• Task prompt
Repeat the data as given. Images do not go in the copy.

• Data records
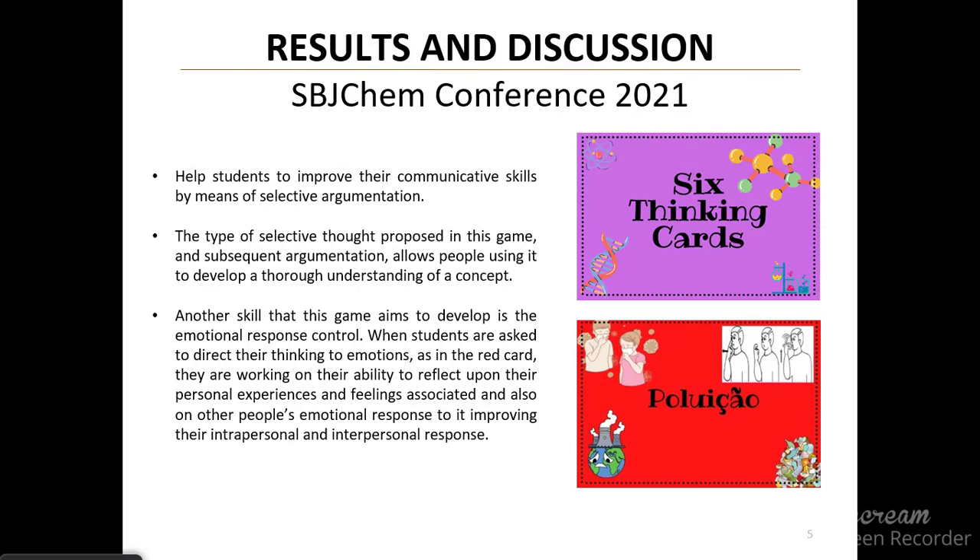It is expected that these games help students improve their cognitive skills by means of selective argumentation, developing a thorough understanding of a concept. Another skill this game aims to develop is emotional response control. When students are asked to direct their thinking to emotions, as in the red card, they are working on their ability to reflect upon their personal experience and feelings, and also on other people's emotional responses, improving their intrapersonal and interpersonal skills.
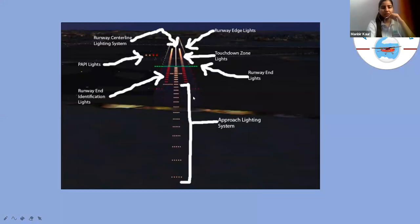To summarize runway lighting: approach light systems guide aircraft on final approach, runway end identification lights mark the runway ends, red dots indicate the aircraft's approach path relative to the runway, runway centerline lighting shows the center, runway edge lights mark the sides, touchdown zone lights show the landing area, and runway end lights mark the end of the runway.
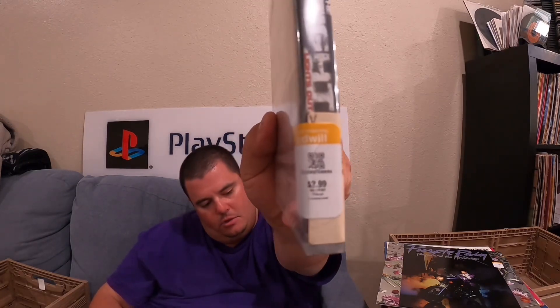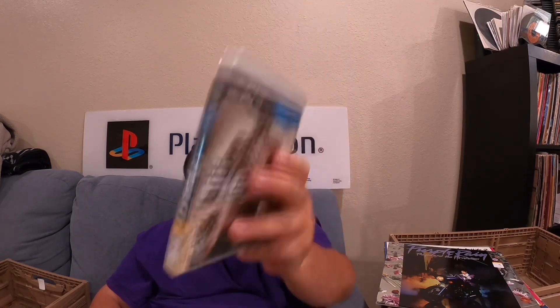But this is The Fight: Lights Out for PS3, sealed. That's a good seal right there. It is $2.99. Like I said, this is the only game we picked up. It was just a really good deal for $3 — I figured it being sealed is worth something.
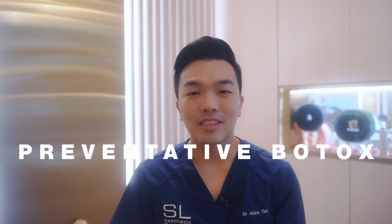Hi, I'm Dr. Akira from SL Aesthetic Clinic. Today, we are going to unlock the secrets of preventative Botox — discover its magic, how it works, and why it should be a cornerstone of your beauty regime.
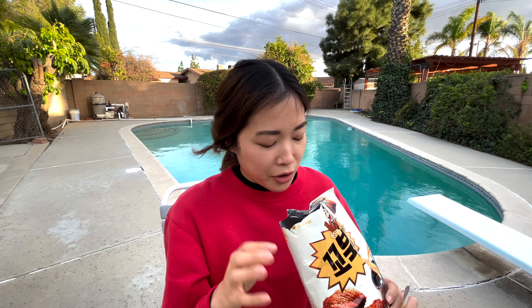What does it taste like? It tastes like Cocoa Puffs mixed with Cinnamon Toast Crunch — but not with a super crunchy exterior. It's more subdued, but very delicious.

• Your response
It is expected that these games help students improve their cognitive skills by means of selective argumentation, developing a thorough understanding of a concept. Another skill this game aims to develop is emotional response control. When students are asked to direct their thinking to emotions, as in the red card, they are working on their ability to reflect upon their personal experience and feelings, and also on other people's emotional responses, improving their intrapersonal and interpersonal skills.
To summarize runway lighting: approach light systems guide aircraft on final approach, runway end identification lights mark the runway ends, red dots indicate the aircraft's approach path relative to the runway, runway centerline lighting shows the center, runway edge lights mark the sides, touchdown zone lights show the landing area, and runway end lights mark the end of the runway.
But this is The Fight: Lights Out for PS3, sealed. That's a good seal right there. It is $2.99. Like I said, this is the only game we picked up. It was just a really good deal for $3 — I figured it being sealed is worth something.
Hi, I'm Dr. Akira from SL Aesthetic Clinic. Today, we are going to unlock the secrets of preventative Botox — discover its magic, how it works, and why it should be a cornerstone of your beauty regime.
What does it taste like? It tastes like Cocoa Puffs mixed with Cinnamon Toast Crunch — but not with a super crunchy exterior. It's more subdued, but very delicious.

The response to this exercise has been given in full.